SCX_KICK_WAIT causes kick_cpus_irq_workfn() to busy-wait using
smp_cond_load_acquire() until the target CPU's current SCX task has been
context-switched out (its kick_sync counter advanced).
If multiple CPUs each issue SCX_KICK_WAIT targeting one another
concurrently — e.g. CPU A waits for CPU B, B waits for CPU C, C waits for
CPU A — all CPUs can end up wedged inside smp_cond_load_acquire()
simultaneously. Because each victim CPU is spinning in hardirq/irq_work
context, it cannot reschedule, so no kick_sync counter ever advances and
the system deadlocks.
Fix this by serializing access to the wait loop behind a global raw
spinlock (scx_kick_wait_lock). Only one CPU at a time may execute the
wait loop; any other CPU that has SCX_KICK_WAIT work to do and fails to
acquire the lock records itself in scx_kick_wait_pending and returns.
When the active waiter finishes and releases the lock, it replays the
pending set by re-queuing each pending CPU's kick_cpus_irq_work, ensuring
no wait request is silently dropped.
This is deliberately a coarse serialization: multiple simultaneous wait
operations now run sequentially, increasing latency.

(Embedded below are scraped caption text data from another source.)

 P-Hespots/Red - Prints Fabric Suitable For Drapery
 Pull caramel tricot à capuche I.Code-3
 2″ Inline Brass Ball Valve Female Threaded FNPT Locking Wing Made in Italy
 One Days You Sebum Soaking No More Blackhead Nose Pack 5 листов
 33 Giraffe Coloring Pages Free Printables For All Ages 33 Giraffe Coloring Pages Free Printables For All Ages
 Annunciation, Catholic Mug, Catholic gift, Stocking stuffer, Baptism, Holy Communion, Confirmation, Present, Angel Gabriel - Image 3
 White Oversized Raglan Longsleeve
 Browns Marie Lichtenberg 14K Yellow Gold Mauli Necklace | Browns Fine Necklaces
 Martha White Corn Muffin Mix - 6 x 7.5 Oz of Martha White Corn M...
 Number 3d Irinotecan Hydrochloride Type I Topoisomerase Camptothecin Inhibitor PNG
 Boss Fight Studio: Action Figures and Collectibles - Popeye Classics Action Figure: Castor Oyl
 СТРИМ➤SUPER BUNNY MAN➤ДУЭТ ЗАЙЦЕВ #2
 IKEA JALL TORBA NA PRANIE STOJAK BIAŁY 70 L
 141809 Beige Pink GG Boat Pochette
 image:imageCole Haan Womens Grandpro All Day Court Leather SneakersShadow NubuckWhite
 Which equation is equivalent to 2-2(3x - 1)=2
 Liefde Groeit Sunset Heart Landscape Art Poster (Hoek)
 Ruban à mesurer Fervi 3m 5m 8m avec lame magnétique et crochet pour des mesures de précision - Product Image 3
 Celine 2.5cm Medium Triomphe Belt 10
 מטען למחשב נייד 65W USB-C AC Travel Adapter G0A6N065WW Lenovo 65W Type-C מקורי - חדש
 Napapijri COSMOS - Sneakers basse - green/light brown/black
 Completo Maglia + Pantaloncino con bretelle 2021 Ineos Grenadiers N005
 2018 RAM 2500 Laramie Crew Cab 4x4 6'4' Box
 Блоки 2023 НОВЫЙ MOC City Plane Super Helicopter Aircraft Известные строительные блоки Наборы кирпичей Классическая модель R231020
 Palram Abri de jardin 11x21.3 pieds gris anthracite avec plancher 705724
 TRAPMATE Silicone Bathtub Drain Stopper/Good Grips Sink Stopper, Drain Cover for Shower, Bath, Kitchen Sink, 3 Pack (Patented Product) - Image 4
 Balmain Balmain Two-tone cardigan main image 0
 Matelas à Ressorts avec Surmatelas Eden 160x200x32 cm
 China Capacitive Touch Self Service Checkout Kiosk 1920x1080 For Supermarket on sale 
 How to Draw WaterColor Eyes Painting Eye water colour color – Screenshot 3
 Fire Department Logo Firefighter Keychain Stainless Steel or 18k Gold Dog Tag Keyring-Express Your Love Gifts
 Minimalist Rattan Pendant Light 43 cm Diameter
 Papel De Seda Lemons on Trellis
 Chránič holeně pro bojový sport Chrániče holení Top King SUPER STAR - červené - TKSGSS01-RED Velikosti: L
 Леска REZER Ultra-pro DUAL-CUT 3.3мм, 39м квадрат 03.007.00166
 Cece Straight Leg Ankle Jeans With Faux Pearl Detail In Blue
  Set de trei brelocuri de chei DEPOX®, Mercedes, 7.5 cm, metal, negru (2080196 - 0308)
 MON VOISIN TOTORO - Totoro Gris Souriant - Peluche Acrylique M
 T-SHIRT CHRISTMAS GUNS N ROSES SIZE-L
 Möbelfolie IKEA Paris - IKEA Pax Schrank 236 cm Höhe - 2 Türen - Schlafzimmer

In exchange,
deadlocks are impossible regardless of the cycle length (A->B->C->...->A).
Also clear scx_kick_wait_pending in free_kick_syncs() so that any stale
bits left by a CPU that deferred just as the scheduler exited are reset
before the next scheduler instance loads.
Fixes: 90e55164dad4 ("sched_ext: Implement SCX_KICK_WAIT")
Signed-off-by: Christian Loehle <[email protected]>
---
kernel/sched/ext.c | 45 +++++++++++++++++++++++++++++++++++++++++++--
1 file changed, 43 insertions(+), 2 deletions(-)
diff --git a/kernel/sched/ext.c b/kernel/sched/ext.c
index 26a6ac2f8826..b63ae13d0486 100644
--- a/kernel/sched/ext.c
+++ b/kernel/sched/ext.c
@@ -89,6 +89,19 @@ struct scx_kick_syncs {
static DEFINE_PER_CPU(struct scx_kick_syncs __rcu *, scx_kick_syncs);
+/*
+ * Serialize %SCX_KICK_WAIT processing across CPUs to avoid wait cycles.
+ * Callers failing to acquire @scx_kick_wait_lock defer by recording
+ * themselves in @scx_kick_wait_pending and are retriggered when the active
+ * waiter completes.
+ *
+ * Lock ordering: @scx_kick_wait_lock is always acquired before
+ * @scx_kick_wait_pending_lock; the two are never taken in the opposite order.
+ */
+static DEFINE_RAW_SPINLOCK(scx_kick_wait_lock);
+static DEFINE_RAW_SPINLOCK(scx_kick_wait_pending_lock);
+static cpumask_t scx_kick_wait_pending;
+
/*
* Direct dispatch marker.
*
@@ -4279,6 +4292,13 @@ static void free_kick_syncs(void)
if (to_free)
kvfree_rcu(to_free, rcu);
}
+
+ /*
+ * Clear any CPUs that were waiting for the lock when the scheduler
+ * exited. Their irq_work has already returned so no in-flight
+ * waiter can observe the stale bits on the next enable.
+ */
+ cpumask_clear(&scx_kick_wait_pending);
}
static void scx_disable_workfn(struct kthread_work *work)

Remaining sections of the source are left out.